(Caption-style text data)
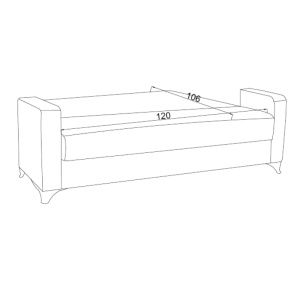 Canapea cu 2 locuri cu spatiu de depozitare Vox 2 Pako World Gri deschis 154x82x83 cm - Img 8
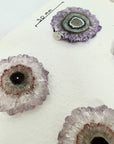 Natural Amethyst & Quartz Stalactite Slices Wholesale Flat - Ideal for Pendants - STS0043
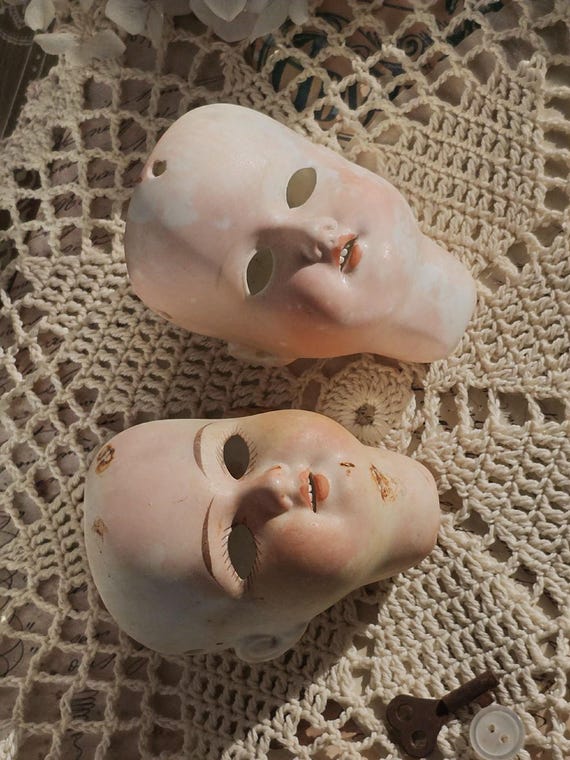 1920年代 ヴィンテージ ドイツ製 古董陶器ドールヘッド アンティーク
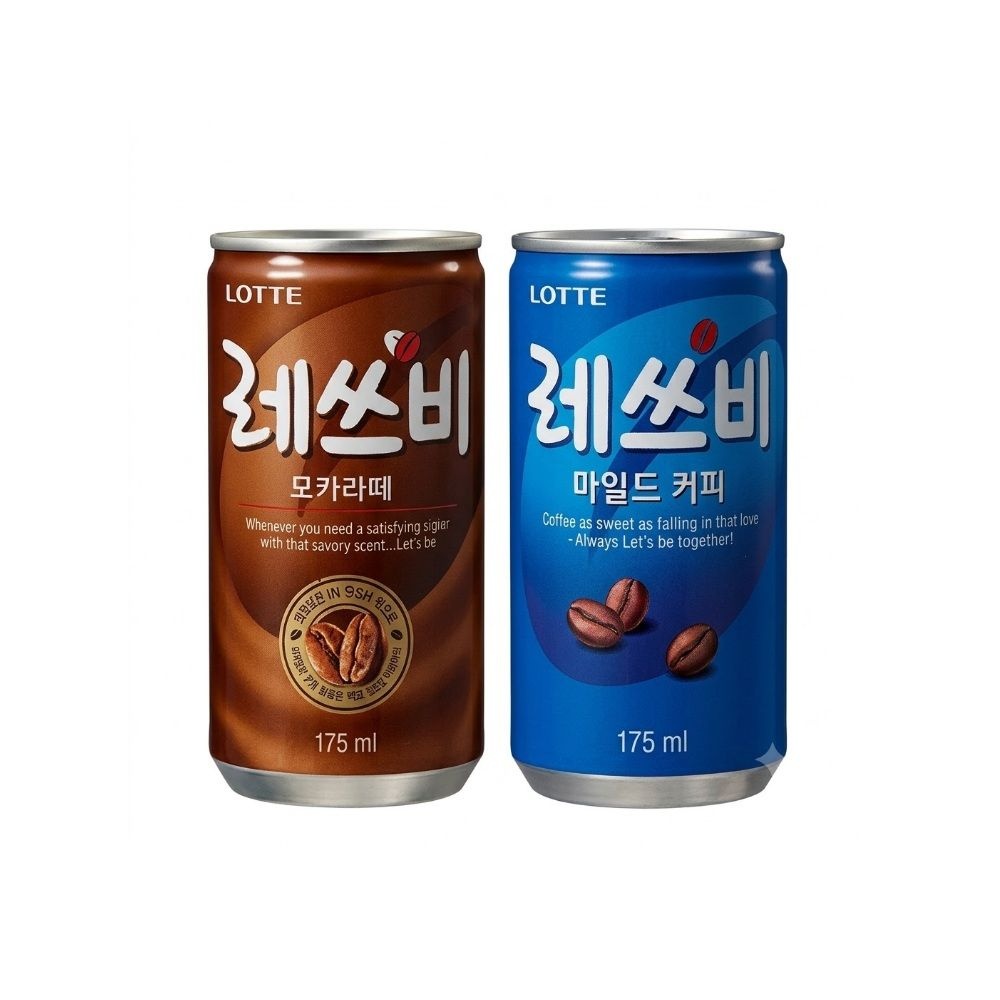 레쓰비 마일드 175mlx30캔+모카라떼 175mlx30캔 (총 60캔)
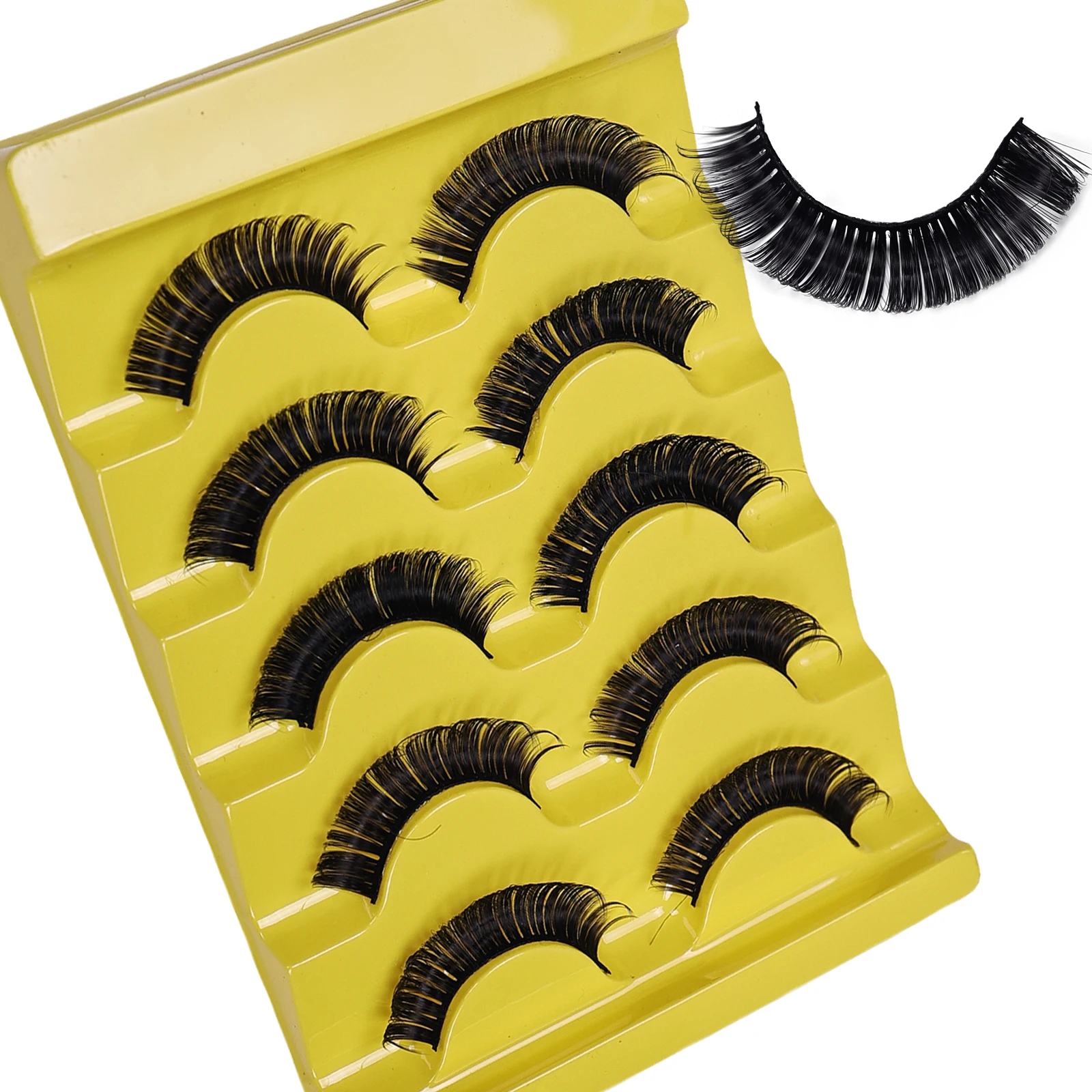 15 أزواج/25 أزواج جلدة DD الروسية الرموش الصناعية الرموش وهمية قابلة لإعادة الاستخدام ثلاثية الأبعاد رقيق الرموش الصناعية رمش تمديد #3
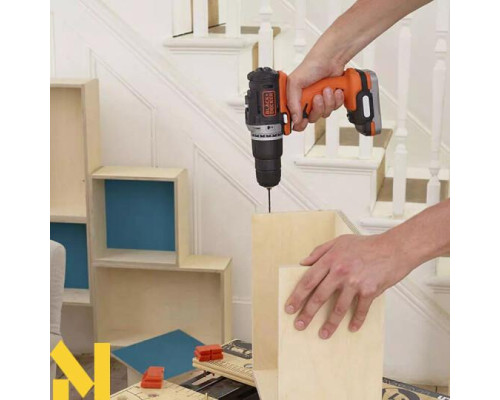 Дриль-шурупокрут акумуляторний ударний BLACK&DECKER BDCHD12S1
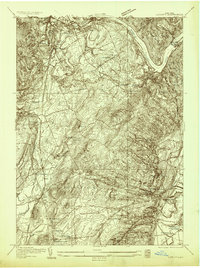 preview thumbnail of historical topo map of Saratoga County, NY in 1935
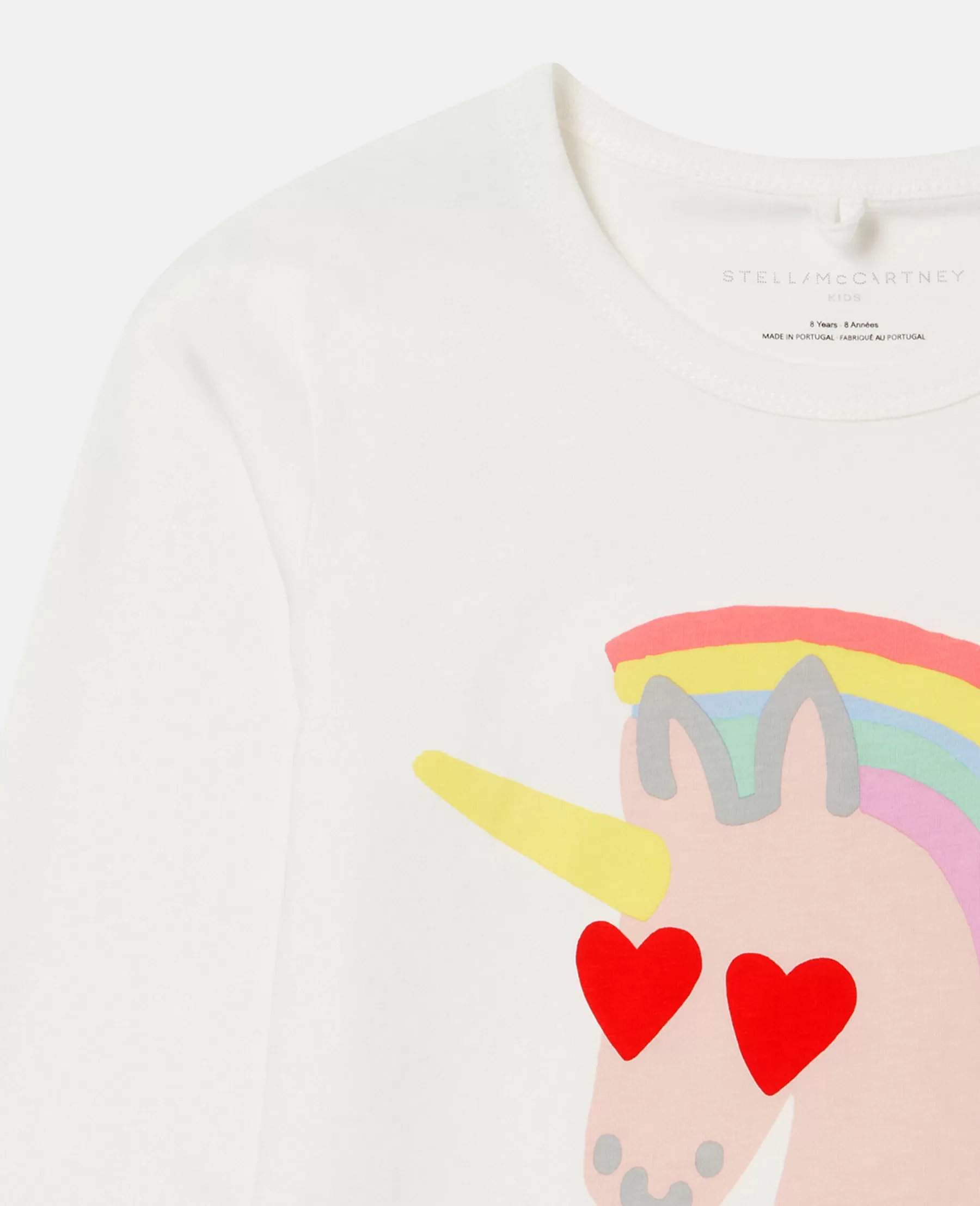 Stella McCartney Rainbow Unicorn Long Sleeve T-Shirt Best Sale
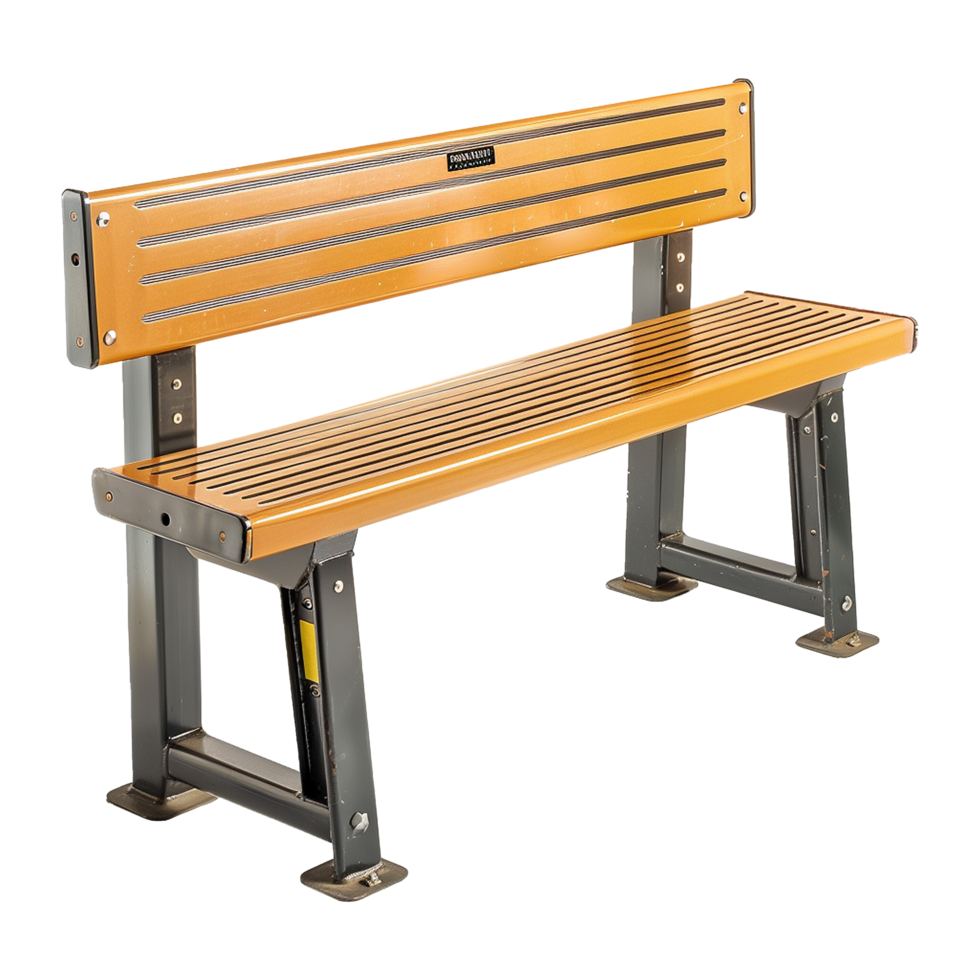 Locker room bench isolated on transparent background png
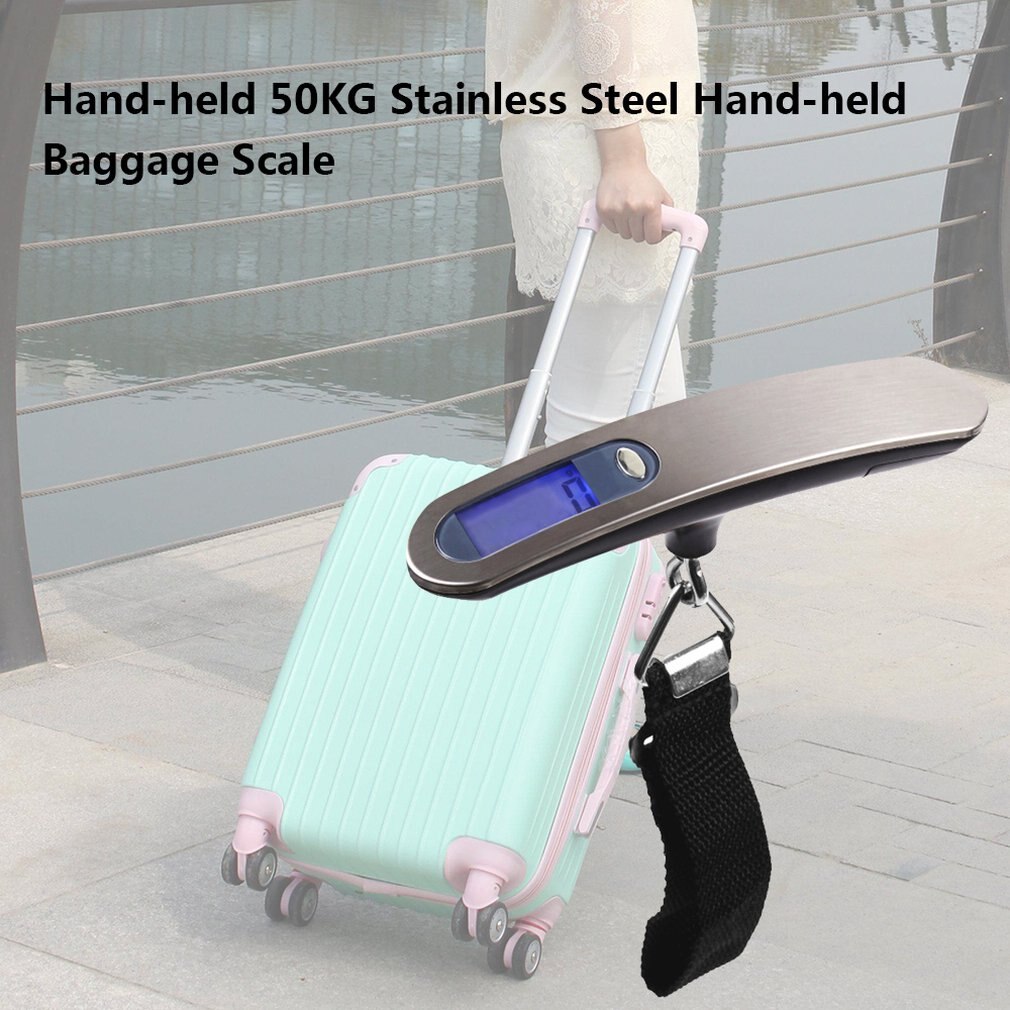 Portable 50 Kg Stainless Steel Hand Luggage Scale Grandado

• [WORK INSTRUCTIONS] Starting with the line that has "Natural Amethyst &" and ending with the line that has "Locker room bench", repeat the lines above exactly, omitting every picture.

• [OUTPUT OF THE TASK]
 Natural Amethyst & Quartz Stalactite Slices Wholesale Flat - Ideal for Pendants - STS0043
 1920年代 ヴィンテージ ドイツ製 古董陶器ドールヘッド アンティーク
 레쓰비 마일드 175mlx30캔+모카라떼 175mlx30캔 (총 60캔)
 15 أزواج/25 أزواج جلدة DD الروسية الرموش الصناعية الرموش وهمية قابلة لإعادة الاستخدام ثلاثية الأبعاد رقيق الرموش الصناعية رمش تمديد #3
 Дриль-шурупокрут акумуляторний ударний BLACK&DECKER BDCHD12S1
 preview thumbnail of historical topo map of Saratoga County, NY in 1935
 Stella McCartney Rainbow Unicorn Long Sleeve T-Shirt Best Sale
 Locker room bench isolated on transparent background png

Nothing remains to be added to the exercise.